• Problem statement: Send back all the data below, exactly as given.

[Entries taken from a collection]
-- Opening Marker --

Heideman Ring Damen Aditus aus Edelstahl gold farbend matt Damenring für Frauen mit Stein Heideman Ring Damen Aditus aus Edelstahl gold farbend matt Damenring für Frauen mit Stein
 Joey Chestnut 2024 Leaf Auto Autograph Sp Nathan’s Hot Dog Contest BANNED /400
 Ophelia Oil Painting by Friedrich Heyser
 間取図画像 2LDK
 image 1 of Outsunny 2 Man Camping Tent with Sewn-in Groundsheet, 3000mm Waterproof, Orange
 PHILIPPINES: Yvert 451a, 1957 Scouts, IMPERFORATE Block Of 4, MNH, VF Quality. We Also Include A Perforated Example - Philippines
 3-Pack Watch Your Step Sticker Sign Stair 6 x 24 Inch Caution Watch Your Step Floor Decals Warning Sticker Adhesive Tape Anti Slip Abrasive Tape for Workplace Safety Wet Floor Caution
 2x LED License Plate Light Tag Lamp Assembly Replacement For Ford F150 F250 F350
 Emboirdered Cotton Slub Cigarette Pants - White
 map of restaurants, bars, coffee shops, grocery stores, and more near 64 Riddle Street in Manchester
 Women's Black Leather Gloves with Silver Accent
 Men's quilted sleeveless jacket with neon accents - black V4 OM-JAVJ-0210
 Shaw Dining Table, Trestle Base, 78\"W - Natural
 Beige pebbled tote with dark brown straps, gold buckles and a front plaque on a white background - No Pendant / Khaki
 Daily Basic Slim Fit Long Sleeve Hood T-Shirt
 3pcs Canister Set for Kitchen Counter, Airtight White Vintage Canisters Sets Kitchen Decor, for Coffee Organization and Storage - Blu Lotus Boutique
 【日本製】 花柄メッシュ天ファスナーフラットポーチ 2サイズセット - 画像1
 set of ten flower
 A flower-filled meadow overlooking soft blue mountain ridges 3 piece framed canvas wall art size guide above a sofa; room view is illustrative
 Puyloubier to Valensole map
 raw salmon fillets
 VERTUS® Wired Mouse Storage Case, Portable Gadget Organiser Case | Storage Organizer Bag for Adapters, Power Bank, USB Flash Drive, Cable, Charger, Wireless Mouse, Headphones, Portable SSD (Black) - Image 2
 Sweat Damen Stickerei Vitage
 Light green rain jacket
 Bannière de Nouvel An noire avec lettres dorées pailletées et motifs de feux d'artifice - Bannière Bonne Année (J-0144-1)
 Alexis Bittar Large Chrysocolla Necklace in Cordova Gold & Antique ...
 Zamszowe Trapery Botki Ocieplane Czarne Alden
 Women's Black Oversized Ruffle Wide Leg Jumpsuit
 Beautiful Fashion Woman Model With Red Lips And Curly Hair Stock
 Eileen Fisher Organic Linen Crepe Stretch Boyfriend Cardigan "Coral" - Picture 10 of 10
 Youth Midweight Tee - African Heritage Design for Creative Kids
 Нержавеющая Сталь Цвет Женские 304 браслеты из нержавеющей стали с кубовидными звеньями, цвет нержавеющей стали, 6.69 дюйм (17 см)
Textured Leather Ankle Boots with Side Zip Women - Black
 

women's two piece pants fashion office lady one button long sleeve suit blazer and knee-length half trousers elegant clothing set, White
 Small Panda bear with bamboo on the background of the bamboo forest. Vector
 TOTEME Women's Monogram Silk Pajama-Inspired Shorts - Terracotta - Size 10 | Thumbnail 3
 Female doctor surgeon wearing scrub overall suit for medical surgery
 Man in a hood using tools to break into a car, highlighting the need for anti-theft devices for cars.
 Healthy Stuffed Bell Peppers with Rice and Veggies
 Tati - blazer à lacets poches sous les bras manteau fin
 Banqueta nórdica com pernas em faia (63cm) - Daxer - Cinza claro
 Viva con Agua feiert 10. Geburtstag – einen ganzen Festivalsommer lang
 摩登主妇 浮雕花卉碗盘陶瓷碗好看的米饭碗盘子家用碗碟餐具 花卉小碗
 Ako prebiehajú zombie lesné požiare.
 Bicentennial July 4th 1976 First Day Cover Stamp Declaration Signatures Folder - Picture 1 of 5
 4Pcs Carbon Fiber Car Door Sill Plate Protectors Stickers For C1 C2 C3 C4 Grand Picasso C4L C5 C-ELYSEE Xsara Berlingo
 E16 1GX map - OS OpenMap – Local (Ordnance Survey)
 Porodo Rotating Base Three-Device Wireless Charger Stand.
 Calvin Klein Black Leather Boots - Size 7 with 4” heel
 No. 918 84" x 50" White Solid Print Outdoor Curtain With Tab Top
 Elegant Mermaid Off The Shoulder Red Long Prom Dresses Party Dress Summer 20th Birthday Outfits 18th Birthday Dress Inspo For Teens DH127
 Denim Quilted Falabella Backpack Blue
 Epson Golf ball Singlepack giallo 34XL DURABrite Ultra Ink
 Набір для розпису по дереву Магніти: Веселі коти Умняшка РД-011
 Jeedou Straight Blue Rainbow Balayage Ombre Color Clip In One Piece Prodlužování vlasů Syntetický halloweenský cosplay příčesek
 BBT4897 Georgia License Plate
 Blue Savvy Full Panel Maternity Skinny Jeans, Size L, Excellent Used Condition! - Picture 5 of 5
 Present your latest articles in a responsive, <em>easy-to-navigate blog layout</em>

-- Closing Marker --

• Task solution:
Heideman Ring Damen Aditus aus Edelstahl gold farbend matt Damenring für Frauen mit Stein Heideman Ring Damen Aditus aus Edelstahl gold farbend matt Damenring für Frauen mit Stein
 Joey Chestnut 2024 Leaf Auto Autograph Sp Nathan’s Hot Dog Contest BANNED /400
 Ophelia Oil Painting by Friedrich Heyser
 間取図画像 2LDK
 image 1 of Outsunny 2 Man Camping Tent with Sewn-in Groundsheet, 3000mm Waterproof, Orange
 PHILIPPINES: Yvert 451a, 1957 Scouts, IMPERFORATE Block Of 4, MNH, VF Quality. We Also Include A Perforated Example - Philippines
 3-Pack Watch Your Step Sticker Sign Stair 6 x 24 Inch Caution Watch Your Step Floor Decals Warning Sticker Adhesive Tape Anti Slip Abrasive Tape for Workplace Safety Wet Floor Caution
 2x LED License Plate Light Tag Lamp Assembly Replacement For Ford F150 F250 F350
 Emboirdered Cotton Slub Cigarette Pants - White
 map of restaurants, bars, coffee shops, grocery stores, and more near 64 Riddle Street in Manchester
 Women's Black Leather Gloves with Silver Accent
 Men's quilted sleeveless jacket with neon accents - black V4 OM-JAVJ-0210
 Shaw Dining Table, Trestle Base, 78\"W - Natural
 Beige pebbled tote with dark brown straps, gold buckles and a front plaque on a white background - No Pendant / Khaki
 Daily Basic Slim Fit Long Sleeve Hood T-Shirt
 3pcs Canister Set for Kitchen Counter, Airtight White Vintage Canisters Sets Kitchen Decor, for Coffee Organization and Storage - Blu Lotus Boutique
 【日本製】 花柄メッシュ天ファスナーフラットポーチ 2サイズセット - 画像1
 set of ten flower
 A flower-filled meadow overlooking soft blue mountain ridges 3 piece framed canvas wall art size guide above a sofa; room view is illustrative
 Puyloubier to Valensole map
 raw salmon fillets
 VERTUS® Wired Mouse Storage Case, Portable Gadget Organiser Case | Storage Organizer Bag for Adapters, Power Bank, USB Flash Drive, Cable, Charger, Wireless Mouse, Headphones, Portable SSD (Black) - Image 2
 Sweat Damen Stickerei Vitage
 Light green rain jacket
 Bannière de Nouvel An noire avec lettres dorées pailletées et motifs de feux d'artifice - Bannière Bonne Année (J-0144-1)
 Alexis Bittar Large Chrysocolla Necklace in Cordova Gold & Antique ...
 Zamszowe Trapery Botki Ocieplane Czarne Alden
 Women's Black Oversized Ruffle Wide Leg Jumpsuit
 Beautiful Fashion Woman Model With Red Lips And Curly Hair Stock
 Eileen Fisher Organic Linen Crepe Stretch Boyfriend Cardigan "Coral" - Picture 10 of 10
 Youth Midweight Tee - African Heritage Design for Creative Kids
 Нержавеющая Сталь Цвет Женские 304 браслеты из нержавеющей стали с кубовидными звеньями, цвет нержавеющей стали, 6.69 дюйм (17 см)
Textured Leather Ankle Boots with Side Zip Women - Black
 

women's two piece pants fashion office lady one button long sleeve suit blazer and knee-length half trousers elegant clothing set, White
 Small Panda bear with bamboo on the background of the bamboo forest. Vector
 TOTEME Women's Monogram Silk Pajama-Inspired Shorts - Terracotta - Size 10 | Thumbnail 3
 Female doctor surgeon wearing scrub overall suit for medical surgery
 Man in a hood using tools to break into a car, highlighting the need for anti-theft devices for cars.
 Healthy Stuffed Bell Peppers with Rice and Veggies
 Tati - blazer à lacets poches sous les bras manteau fin
 Banqueta nórdica com pernas em faia (63cm) - Daxer - Cinza claro
 Viva con Agua feiert 10. Geburtstag – einen ganzen Festivalsommer lang
 摩登主妇 浮雕花卉碗盘陶瓷碗好看的米饭碗盘子家用碗碟餐具 花卉小碗
 Ako prebiehajú zombie lesné požiare.
 Bicentennial July 4th 1976 First Day Cover Stamp Declaration Signatures Folder - Picture 1 of 5
 4Pcs Carbon Fiber Car Door Sill Plate Protectors Stickers For C1 C2 C3 C4 Grand Picasso C4L C5 C-ELYSEE Xsara Berlingo
 E16 1GX map - OS OpenMap – Local (Ordnance Survey)
 Porodo Rotating Base Three-Device Wireless Charger Stand.
 Calvin Klein Black Leather Boots - Size 7 with 4” heel
 No. 918 84" x 50" White Solid Print Outdoor Curtain With Tab Top
 Elegant Mermaid Off The Shoulder Red Long Prom Dresses Party Dress Summer 20th Birthday Outfits 18th Birthday Dress Inspo For Teens DH127
 Denim Quilted Falabella Backpack Blue
 Epson Golf ball Singlepack giallo 34XL DURABrite Ultra Ink
 Набір для розпису по дереву Магніти: Веселі коти Умняшка РД-011
 Jeedou Straight Blue Rainbow Balayage Ombre Color Clip In One Piece Prodlužování vlasů Syntetický halloweenský cosplay příčesek
 BBT4897 Georgia License Plate
 Blue Savvy Full Panel Maternity Skinny Jeans, Size L, Excellent Used Condition! - Picture 5 of 5
 Present your latest articles in a responsive, <em>easy-to-navigate blog layout</em>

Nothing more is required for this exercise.